* _DATA SUPPLIED_:
###

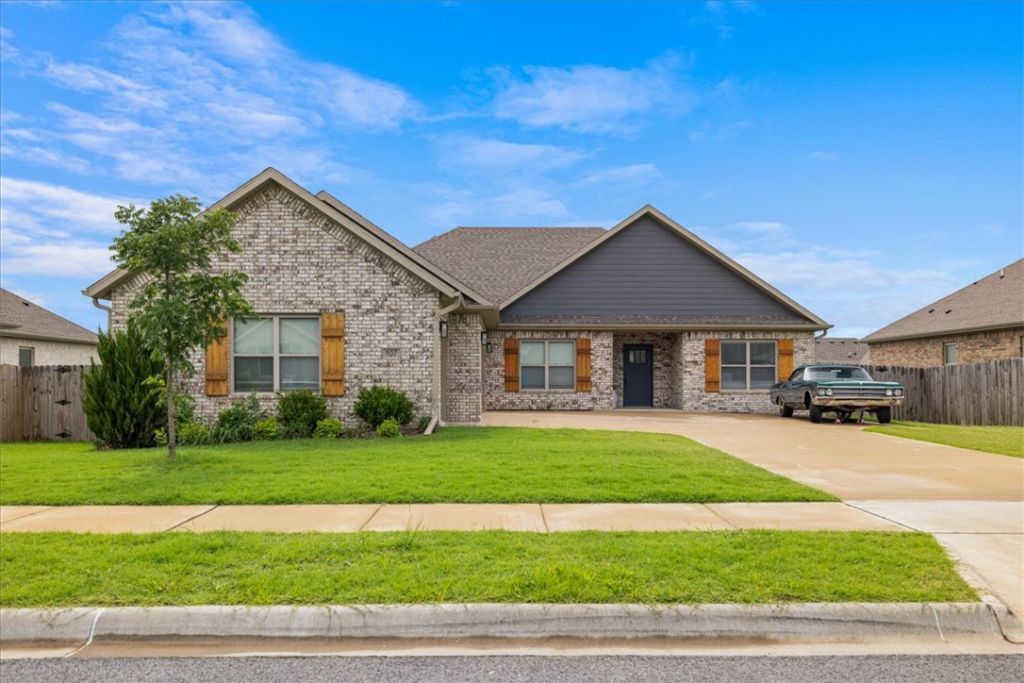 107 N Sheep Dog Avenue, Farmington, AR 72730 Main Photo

###

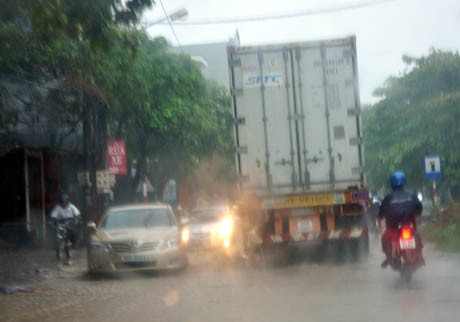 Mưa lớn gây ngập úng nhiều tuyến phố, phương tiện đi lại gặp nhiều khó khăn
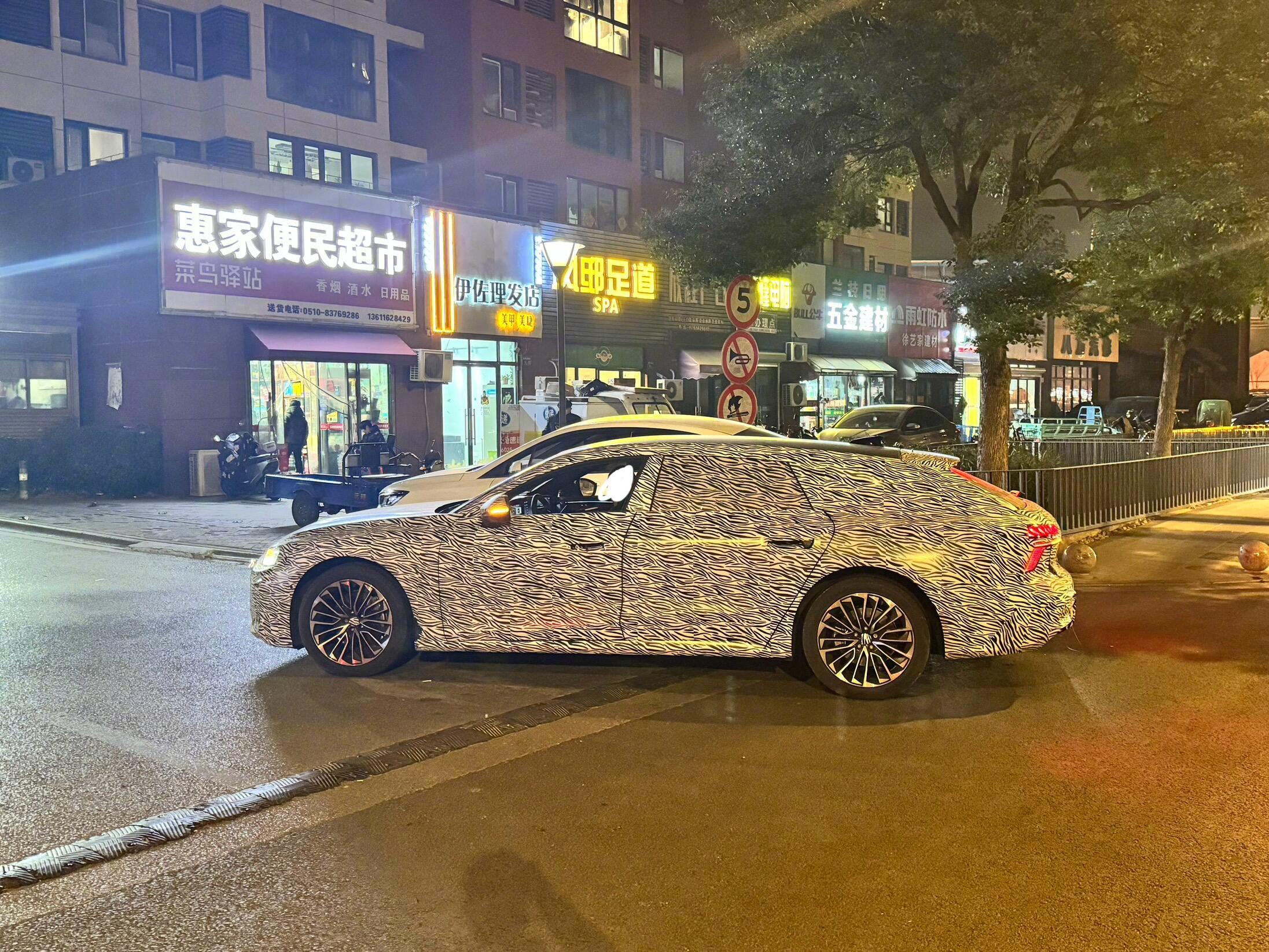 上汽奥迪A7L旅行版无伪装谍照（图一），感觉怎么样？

###

Keep to the lines above from the line with "Mưa lớn gây" to the line with "上汽奥迪A7L旅行版无伪装谍照（图一），感觉怎么样？", and set down exactly those, inclusive, with nothing else and every picture left out.

* _TASK SOLUTION_:
 Mưa lớn gây ngập úng nhiều tuyến phố, phương tiện đi lại gặp nhiều khó khăn
 上汽奥迪A7L旅行版无伪装谍照（图一），感觉怎么样？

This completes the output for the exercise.